● Task details
Look below for the line holding "Slimming Essential Oil" and the line holding "Filament 3D Recreus". Repeat those two and everything between, exactly.

:::

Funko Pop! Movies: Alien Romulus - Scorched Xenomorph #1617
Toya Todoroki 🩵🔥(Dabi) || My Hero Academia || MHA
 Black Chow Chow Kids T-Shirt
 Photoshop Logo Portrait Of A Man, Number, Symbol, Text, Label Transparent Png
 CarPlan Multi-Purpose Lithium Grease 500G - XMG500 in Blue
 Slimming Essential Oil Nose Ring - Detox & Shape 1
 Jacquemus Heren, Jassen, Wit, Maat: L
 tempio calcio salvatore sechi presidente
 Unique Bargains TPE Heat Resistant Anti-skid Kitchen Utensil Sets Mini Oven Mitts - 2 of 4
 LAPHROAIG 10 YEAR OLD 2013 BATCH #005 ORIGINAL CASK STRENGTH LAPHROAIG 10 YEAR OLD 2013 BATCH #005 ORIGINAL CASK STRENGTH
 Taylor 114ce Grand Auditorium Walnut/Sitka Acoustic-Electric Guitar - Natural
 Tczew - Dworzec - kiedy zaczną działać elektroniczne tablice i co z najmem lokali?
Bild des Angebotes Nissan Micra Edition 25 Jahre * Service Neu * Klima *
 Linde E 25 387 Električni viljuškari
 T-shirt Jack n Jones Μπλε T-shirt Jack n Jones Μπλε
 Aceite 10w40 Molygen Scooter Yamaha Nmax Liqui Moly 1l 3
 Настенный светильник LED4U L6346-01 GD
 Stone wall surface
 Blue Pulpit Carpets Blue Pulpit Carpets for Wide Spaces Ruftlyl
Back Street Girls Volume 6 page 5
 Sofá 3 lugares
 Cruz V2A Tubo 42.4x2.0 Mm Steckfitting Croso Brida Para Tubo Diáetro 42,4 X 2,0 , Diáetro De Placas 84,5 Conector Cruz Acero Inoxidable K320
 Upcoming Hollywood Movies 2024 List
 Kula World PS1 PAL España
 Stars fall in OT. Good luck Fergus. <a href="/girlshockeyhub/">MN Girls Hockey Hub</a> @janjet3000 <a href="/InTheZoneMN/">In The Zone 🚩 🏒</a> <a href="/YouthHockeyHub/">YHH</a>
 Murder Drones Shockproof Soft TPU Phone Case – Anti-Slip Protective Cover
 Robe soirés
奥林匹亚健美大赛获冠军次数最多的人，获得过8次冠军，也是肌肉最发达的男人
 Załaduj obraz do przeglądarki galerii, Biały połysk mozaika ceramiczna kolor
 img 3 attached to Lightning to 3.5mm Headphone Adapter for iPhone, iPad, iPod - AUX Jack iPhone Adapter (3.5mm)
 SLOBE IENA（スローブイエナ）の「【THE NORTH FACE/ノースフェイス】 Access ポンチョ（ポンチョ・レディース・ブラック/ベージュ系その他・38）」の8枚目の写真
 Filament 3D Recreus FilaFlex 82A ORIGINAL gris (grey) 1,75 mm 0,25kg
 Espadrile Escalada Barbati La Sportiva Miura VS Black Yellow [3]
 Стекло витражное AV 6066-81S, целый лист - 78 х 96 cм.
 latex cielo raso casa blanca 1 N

:::

● Answer to this exercise
 Slimming Essential Oil Nose Ring - Detox & Shape 1
 Jacquemus Heren, Jassen, Wit, Maat: L
 tempio calcio salvatore sechi presidente
 Unique Bargains TPE Heat Resistant Anti-skid Kitchen Utensil Sets Mini Oven Mitts - 2 of 4
 LAPHROAIG 10 YEAR OLD 2013 BATCH #005 ORIGINAL CASK STRENGTH LAPHROAIG 10 YEAR OLD 2013 BATCH #005 ORIGINAL CASK STRENGTH
 Taylor 114ce Grand Auditorium Walnut/Sitka Acoustic-Electric Guitar - Natural
 Tczew - Dworzec - kiedy zaczną działać elektroniczne tablice i co z najmem lokali?
Bild des Angebotes Nissan Micra Edition 25 Jahre * Service Neu * Klima *
 Linde E 25 387 Električni viljuškari
 T-shirt Jack n Jones Μπλε T-shirt Jack n Jones Μπλε
 Aceite 10w40 Molygen Scooter Yamaha Nmax Liqui Moly 1l 3
 Настенный светильник LED4U L6346-01 GD
 Stone wall surface
 Blue Pulpit Carpets Blue Pulpit Carpets for Wide Spaces Ruftlyl
Back Street Girls Volume 6 page 5
 Sofá 3 lugares
 Cruz V2A Tubo 42.4x2.0 Mm Steckfitting Croso Brida Para Tubo Diáetro 42,4 X 2,0 , Diáetro De Placas 84,5 Conector Cruz Acero Inoxidable K320
 Upcoming Hollywood Movies 2024 List
 Kula World PS1 PAL España
 Stars fall in OT. Good luck Fergus. <a href="/girlshockeyhub/">MN Girls Hockey Hub</a> @janjet3000 <a href="/InTheZoneMN/">In The Zone 🚩 🏒</a> <a href="/YouthHockeyHub/">YHH</a>
 Murder Drones Shockproof Soft TPU Phone Case – Anti-Slip Protective Cover
 Robe soirés
奥林匹亚健美大赛获冠军次数最多的人，获得过8次冠军，也是肌肉最发达的男人
 Załaduj obraz do przeglądarki galerii, Biały połysk mozaika ceramiczna kolor
 img 3 attached to Lightning to 3.5mm Headphone Adapter for iPhone, iPad, iPod - AUX Jack iPhone Adapter (3.5mm)
 SLOBE IENA（スローブイエナ）の「【THE NORTH FACE/ノースフェイス】 Access ポンチョ（ポンチョ・レディース・ブラック/ベージュ系その他・38）」の8枚目の写真
 Filament 3D Recreus FilaFlex 82A ORIGINAL gris (grey) 1,75 mm 0,25kg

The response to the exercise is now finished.